しかし、このような知識を披露しても、相手の役に立たなければ、「ただの知識の押し売り・ひけらかし」になってしまうのです。こうなっては、知性と信頼を生み出すことには繋がりづらくなってしまいます。

「知識が相手のためになるかどうか?」というフィルターを持ち、知識を常に誰かのためにお渡しする、というスタンスを持つ。これが「知識を知性にする」とのこと。なるほど、気をつけよう・・・!

◯法則7:承認欲求を「満たす側」に回れ
人は「承認」を得たい生き物です。SNSなどは、まさに承認欲求を満たしたツールでもあります。いいね!やスキ!がもらえるとやっぱり嬉しいものです。(うん、すごくわかります)

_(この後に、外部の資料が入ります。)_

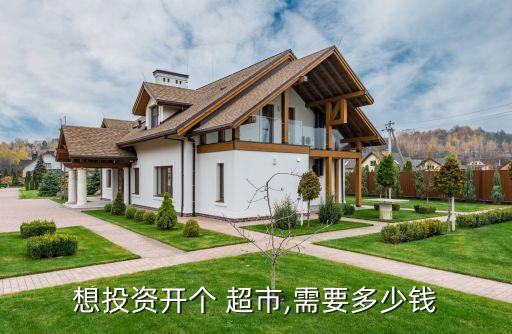 想投资开个 超市,需要多少钱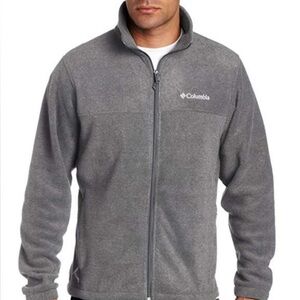 Columbia Dark Grey Steens Mountain Full Zip Fleece Jacket Men’s Size Medium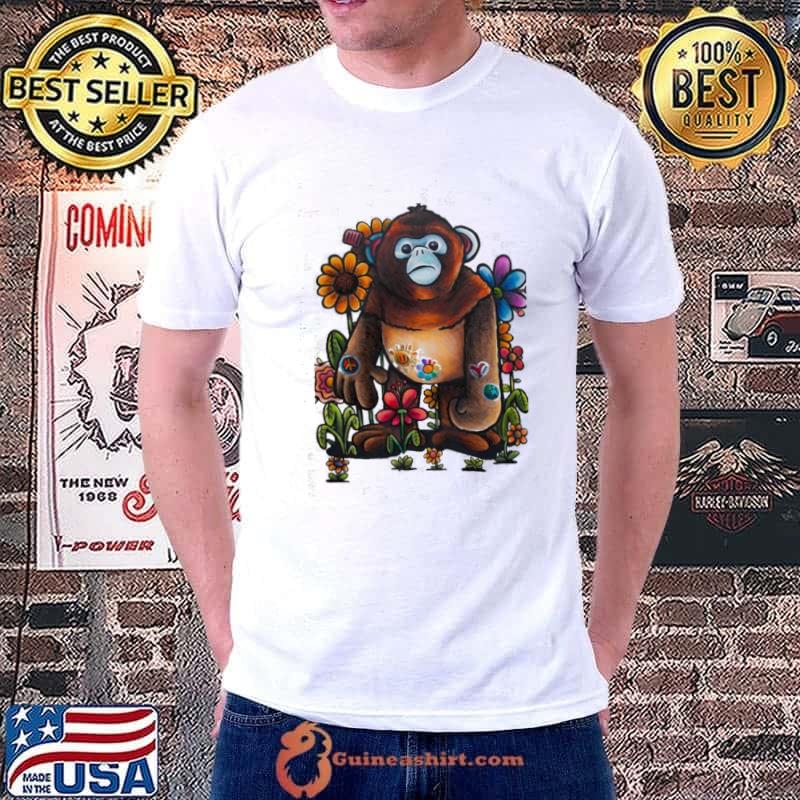 Monkey drawin trending shirt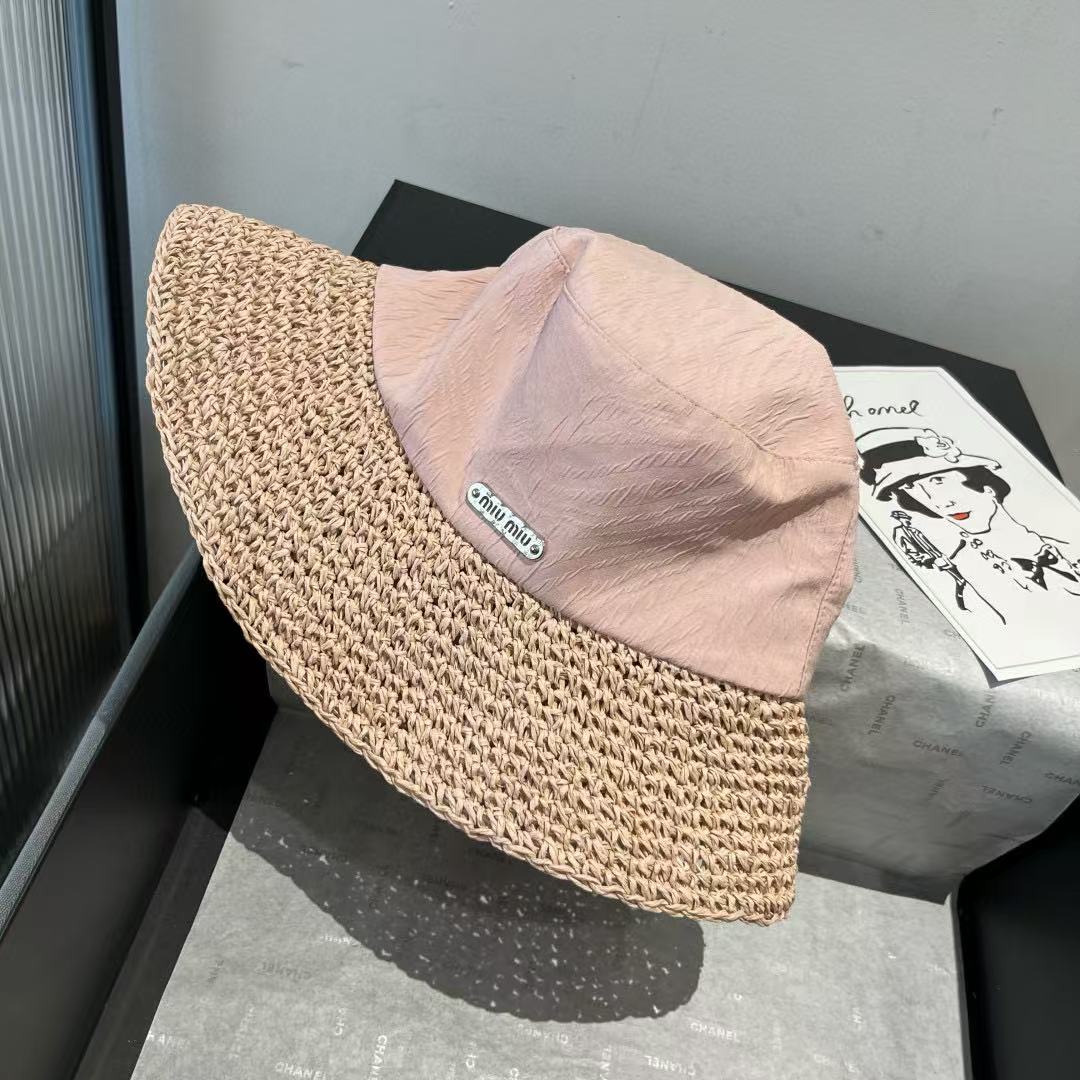 M1UM1U シンプル織りバケットハット【 50％割引+送料無料】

法則6の「知識を披露したくなる」も、まさにそれゆえ。しかし、「自分が承認欲求をもらう側ではなく、承認欲求を満たす側になると、コミュニケーションの強者になれる」と本書では述べます。人は承認欲求を満たしてくれる人のそばにいたいと思うものです。

では、どうすればよいか? 本書では「自信を持つ(自尊心を高める)」こと、「口でなく結果で有能さをアピールする」と述べていました。また人に対して「親切にする」ことは、誰かの承認欲求を満たすことになります。

よって、「結果を出した上で、人に親切にすること」。これがコミュニケーションの強者となるポイントとのことでした。

■まとめ(前半)

本書は28万部売れて、多くの方が手に取られている著書とのことで、なるほど、読みやすいと感じさせられました。

「論文」のようなフォーマットで、正確に書き記す方法もあります。しかし、論文はやはり読みづらいもの。できるだけ多くの方に知見を届ける上で「わかりやすさ」や「記憶に残るストーリー」などの料理の仕方はとても大事だと感じさせられました。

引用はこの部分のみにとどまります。